[Listed records]
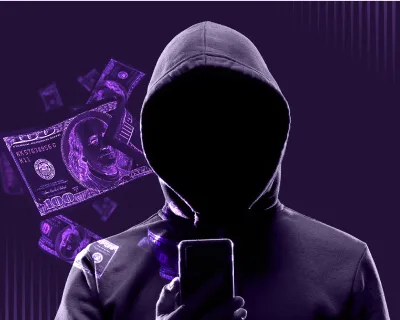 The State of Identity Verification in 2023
[/Listed records]
[Listed records]
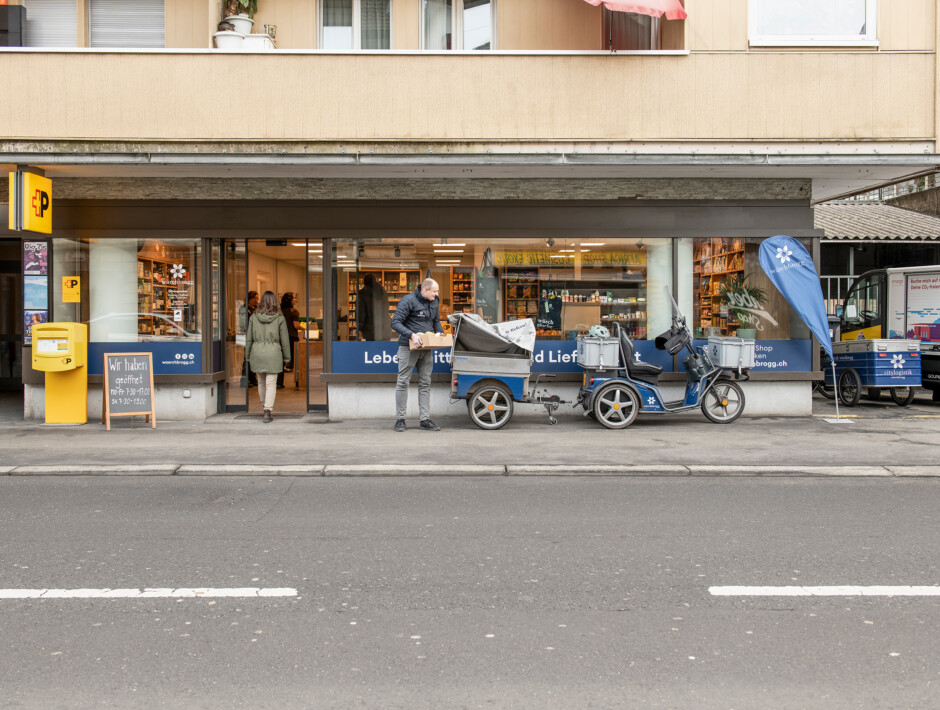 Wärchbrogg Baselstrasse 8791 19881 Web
[/Listed records]
[Listed records]
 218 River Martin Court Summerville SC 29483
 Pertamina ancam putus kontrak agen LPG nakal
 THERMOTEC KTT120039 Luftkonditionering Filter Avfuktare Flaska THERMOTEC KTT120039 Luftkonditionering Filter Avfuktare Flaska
[/Listed records]
• Your objective: Could you repeat exactly the lines in the listing above from the one with "Pertamina ancam putus kontrak agen LPG nakal" down to the one with "Avfuktare Flaska THERMOTEC"? Include both of those lines.

• Task response:
 Pertamina ancam putus kontrak agen LPG nakal
 THERMOTEC KTT120039 Luftkonditionering Filter Avfuktare Flaska THERMOTEC KTT120039 Luftkonditionering Filter Avfuktare Flaska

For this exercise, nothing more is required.